Last year, the FCC designated Huawei and ZTE as national security threats to communications networks - a declaration that barred U.S. firms from tapping an $8.3 billion government fund to purchase equipment from the companies. The FCC in December adopted rules requiring carriers with ZTE or Huawei equipment to "rip and replace" that equipment.
"There is a serious risk that this equipment may be manipulated, disrupted or controlled by foreign actors," Acting FCC Chairwoman Jessica Rosenworcel said. "We will evaluate network after network, base station after base station and router after router until we have rooted out our equipment that could undermine national security. It's a daunting task."
The issue is a big one for rural carriers that face high costs and difficulty finding workers to remove and replace equipment.
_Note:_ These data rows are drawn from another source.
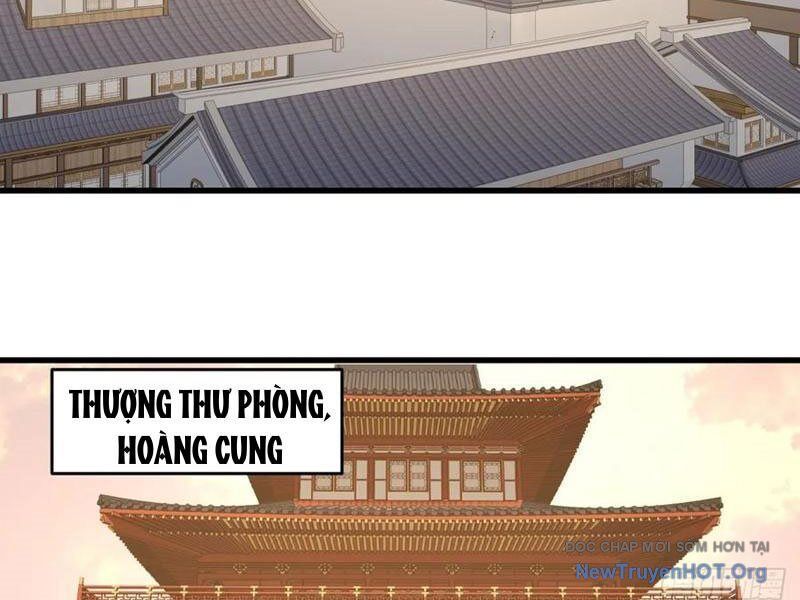 Ngươi Là Hạng Người Gì Cũng Dám Ở Tiên Giới Lên Mặt Với Ta? Chapter 89 - 120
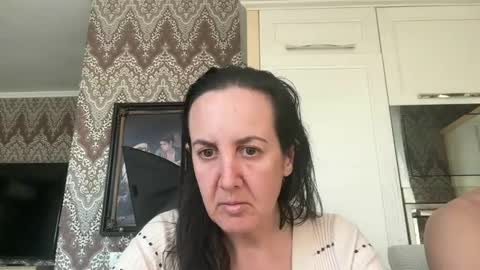 Dr. Resa online show from 03.04.25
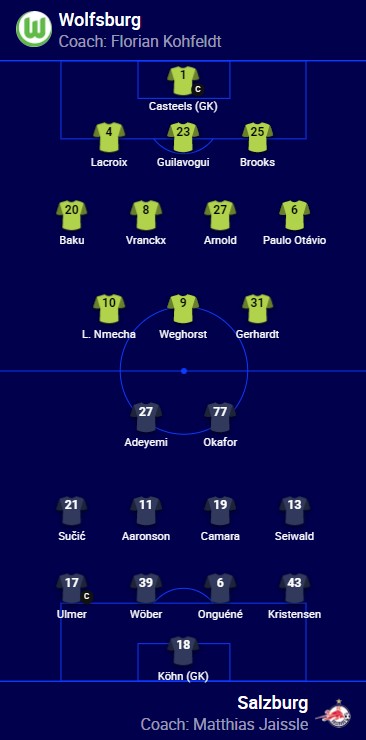 Εικόνα live 21969056/51268.jpg 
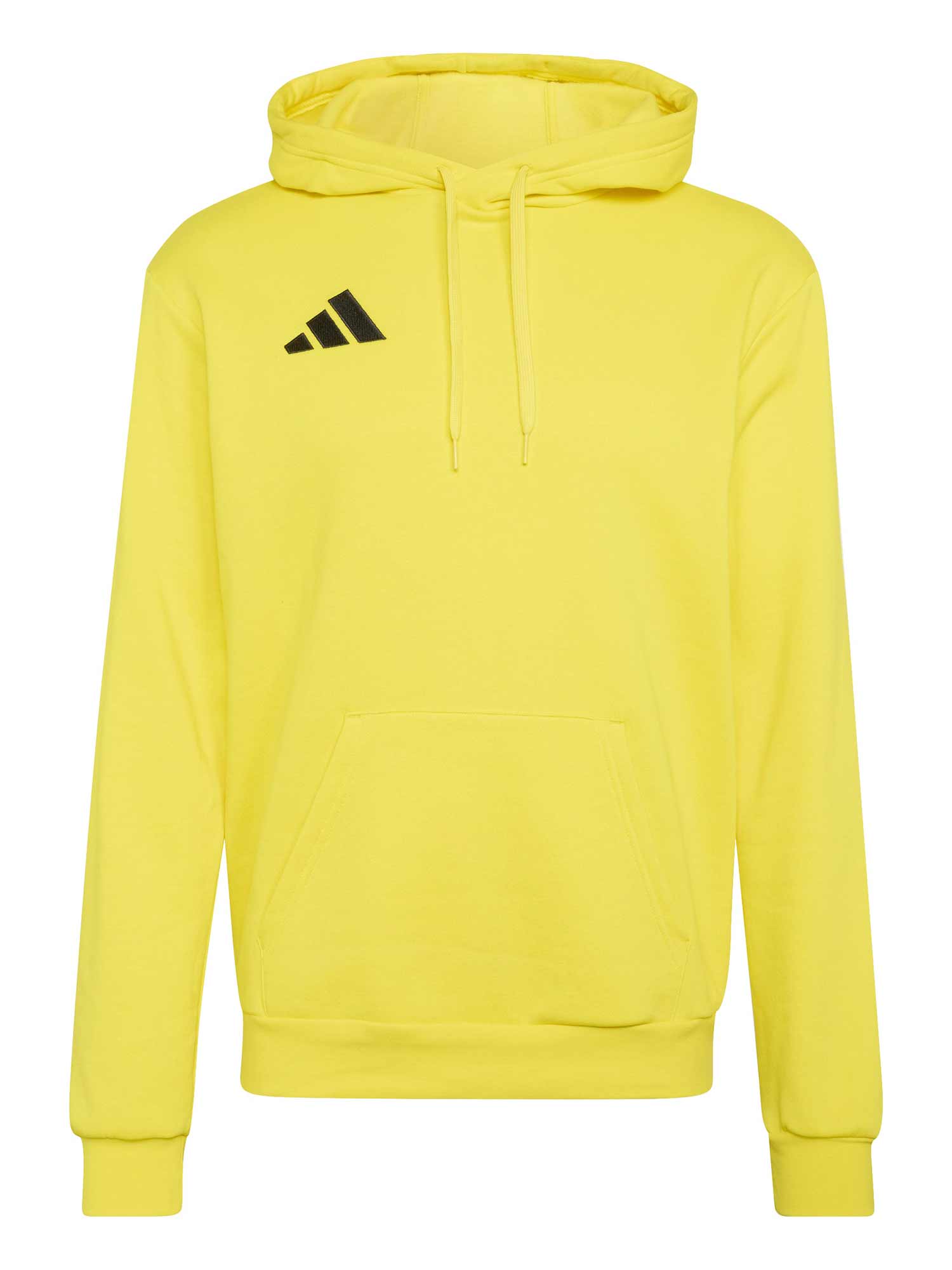 ADIDAS TEAM Суитшърт Entrada26 Hoodie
Huawei said in a statement the rules "are simply an unrealistic attempt to fix what isn't broken. The FCC initiative only creates extraordinary challenges for carriers in the most rural/remote areas of the U.S. to maintain the same high level and quality of service they provide to their customers without disruption."
The FCC's final order expands the companies eligible for reimbursement from those with 2 million or fewer customers to those with 10 million or fewer customers.
The FCC in September 2020 estimated it would cost $1.837 billion to remove and replace Huawei and ZTE equipment from networks.
Last month, the FCC voted to advance a plan to ban approvals for equipment in U.S. telecommunications networks from Chinese companies deemed national security threats like Huawei and ZTE. The FCC could also revoke prior equipment authorizations issued to Chinese companies.
In March, the FCC designated five Chinese companies as posing a threat to national security under a 2019 law aimed at protecting U.S. communications networks.
The affected companies included the previously designated Huawei and ZTE, as well as Hytera Communications Corp, Hangzhou Hikvision Digital Technology Co and Zhejiang Dahua Technology Co.
In August 2020, the U.S. government barred federal agencies from buying goods or services from any of the five Chinese companies.